No pictures belong in the result; set down exactly the lines from the one containing "Keywords: tokyo marathon" through the final line of the listing, and nothing more.

* Given information *
>>>

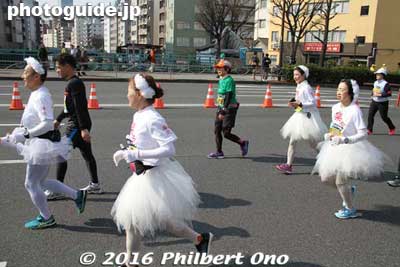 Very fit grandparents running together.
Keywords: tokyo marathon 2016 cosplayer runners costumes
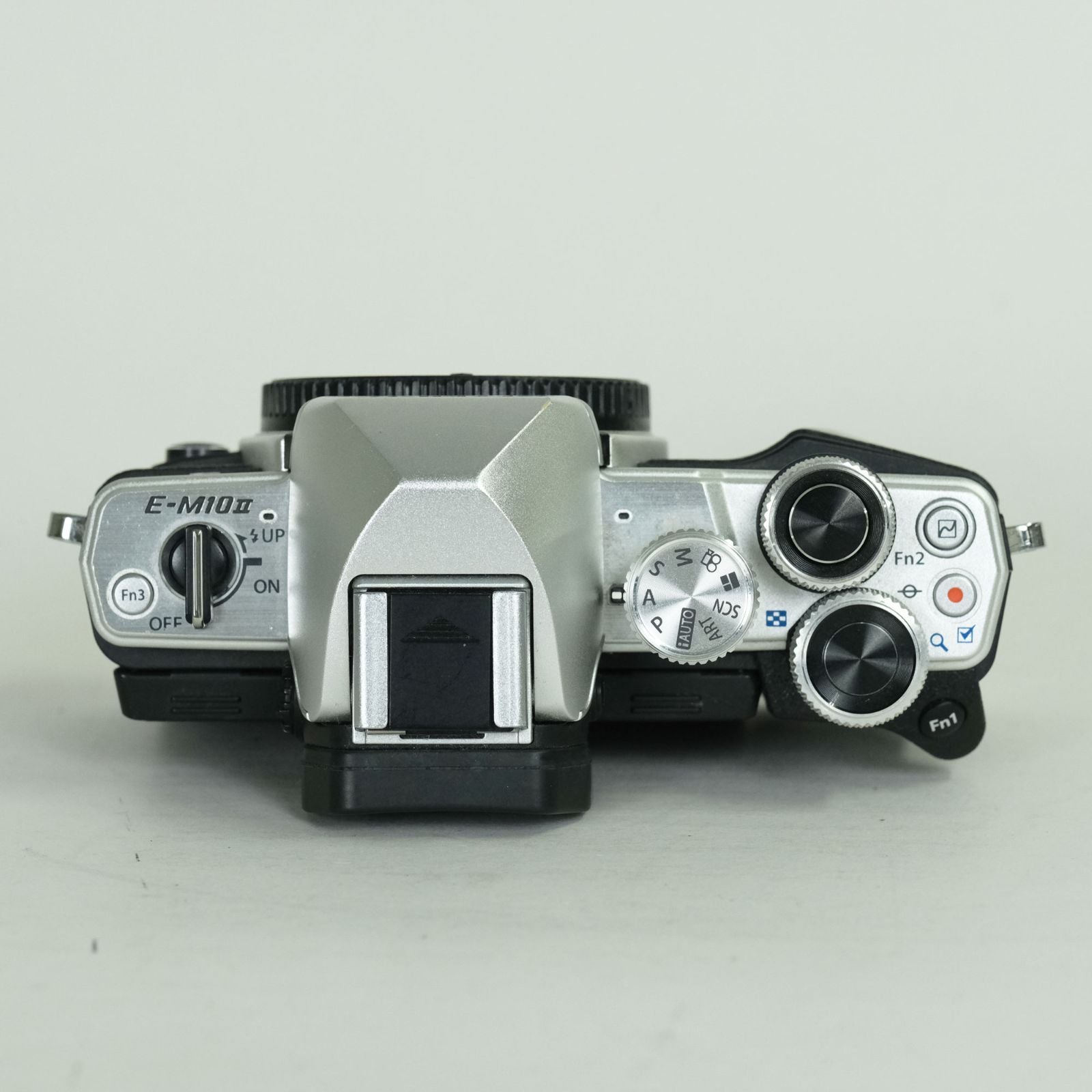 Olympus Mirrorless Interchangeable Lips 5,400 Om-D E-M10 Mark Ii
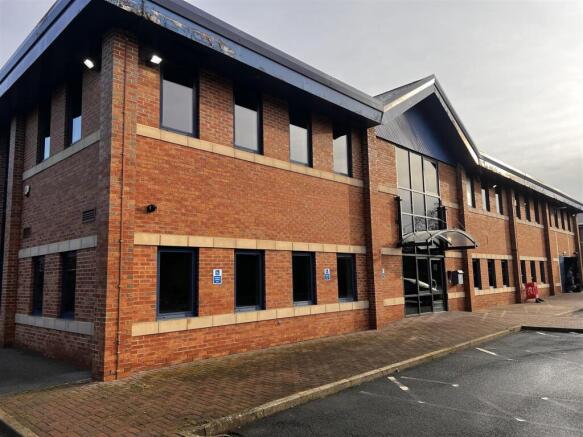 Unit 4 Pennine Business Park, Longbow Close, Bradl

<<<

* Expected answer *
Keywords: tokyo marathon 2016 cosplayer runners costumes
 Olympus Mirrorless Interchangeable Lips 5,400 Om-D E-M10 Mark Ii
 Unit 4 Pennine Business Park, Longbow Close, Bradl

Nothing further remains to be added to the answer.